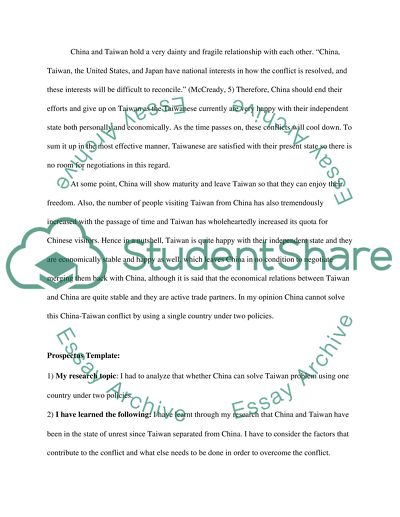 Can china solve Taiwan problem using one country under two policy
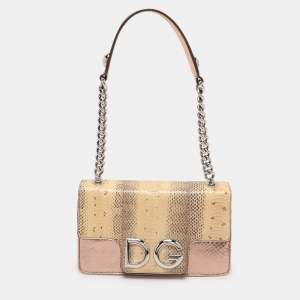 Pre Owned Dolce & Gabbana Beige/Rose Gold Leather and Snakeskin Leather DG Shoulder Bag
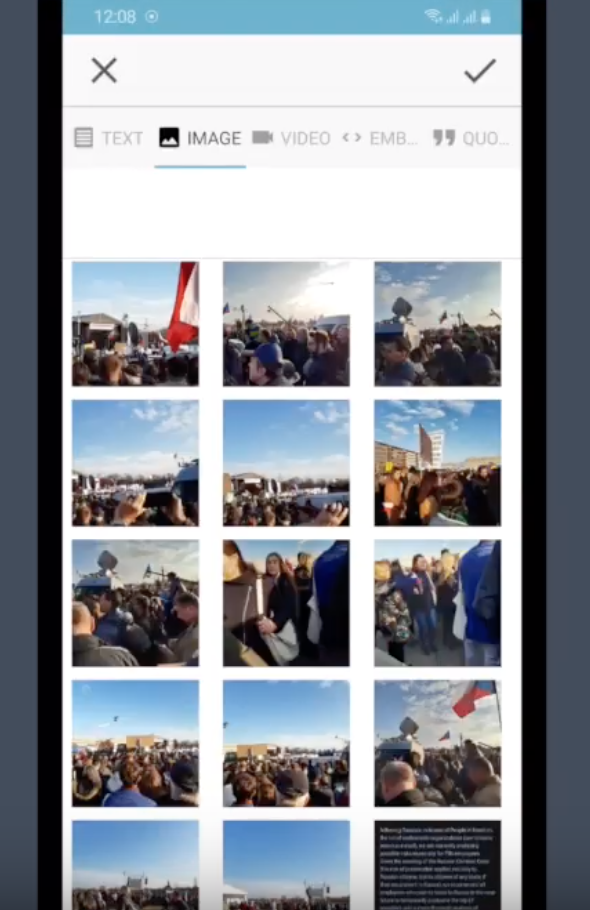 Live Blog Reporter app - adding an image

-.-.-

#### TASK REQUIREMENTS:
Your output must consist only of the lines from the line with "Pre Owned Dolce" through the final line of the data, both included, reproduced exactly and free of pictures.

#### WRITTEN RESPONSE:
 Pre Owned Dolce & Gabbana Beige/Rose Gold Leather and Snakeskin Leather DG Shoulder Bag
 Live Blog Reporter app - adding an image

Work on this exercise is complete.